詩と写真のコラボレーション (2010 November)
☆ 大輪の 菊持ち込まる 無人駅 (大津市 西村 洛葉)
☆ 七分間の シャワーあるを 知りてより 湯に浸かるたび 君を思いぬ (池田市 森下 文子)
☆ 山の名は 知らず紅葉に 遊びけり (豊田市 沢田 マサ子)
☆ 恋話 いつも聞き役 わたしには 失恋さえも 眩しいひびき (八王子市 青木 凪)
☆ わが胸の 八達嶺の 良夜かな (山口市 秋吉 康)
☆ ちょきはまだ できないけれど 吾子の手は ちゅうりっぷにも 羽にもなれる (高槻市 有田 里絵)
☆ 金閣の 金のかけらか 落葉籠 (和泉市 白井 恭郎)
☆ 子供らの ユニフォーム洗う わが日々に まだ着る側の 伊達公子あり (佐倉市 船岡 みさ)
☆ 甲斐駒に 向けて恵みの 柿を干す (多摩市 山崎 享)
☆ 日当たりて 柿はたわわに 風ありて トランペットの 花はぶらぶら (熊谷市 内野 修)

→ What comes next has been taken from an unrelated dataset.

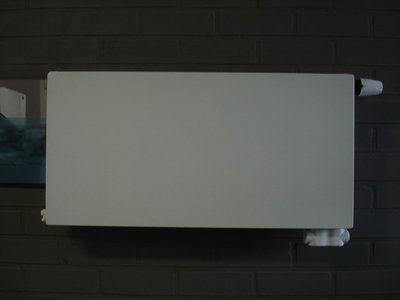 Thermrad Super 8 plateau radiator van 20 cm hoog x 300 cm lang en type 33 met 2949 Watt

☆ 慌て来る 紅葉一きは 美しく (松本市 唐澤 春城)
☆ 夕時雨 音もなく降る 獄庭に はぐれ雁の 一羽降り立つ (アメリカ 郷 隼人)
☆ 何の木か その楚々として 葉を落とす (栃木県壬生町 あらゐ ひとし)
☆ 駅前の ポストは知ってる 私の 報われなかった 履歴書の数 (東京都 平井 節子)
☆ 乱れつつ 咲き誇るなり 枝垂萩 (横浜市 渡辺 萩風)
☆ 鹿の目は 一体どこを 見ているの? ぼーっとしてる だけなのね(笑) (北見市 平川 なつみ)
☆ 一本の 詩精神として 秋桜 (三郷市 岡崎 正宏)
☆ 狂うごと アフリカ太鼓 打ち鳴らす 青年ひとり 月の河原に (春日部市 藤縄 七重)
☆ 風よりも 風のごとくに 糸とんぼ (川西市 上村 敏夫)
☆ 玉入れの 玉を数える 声透る 観客席も つられ声上ぐ (京都市 高橋 雅雄)
☆ 源平の 布陣めきたり 曼珠沙華 (瀬戸市 清澤 幸男)
☆ 汚れたる 聖書のごとく 繰返し 車谷長吉 読む是非もなく (大阪市 山下 晃)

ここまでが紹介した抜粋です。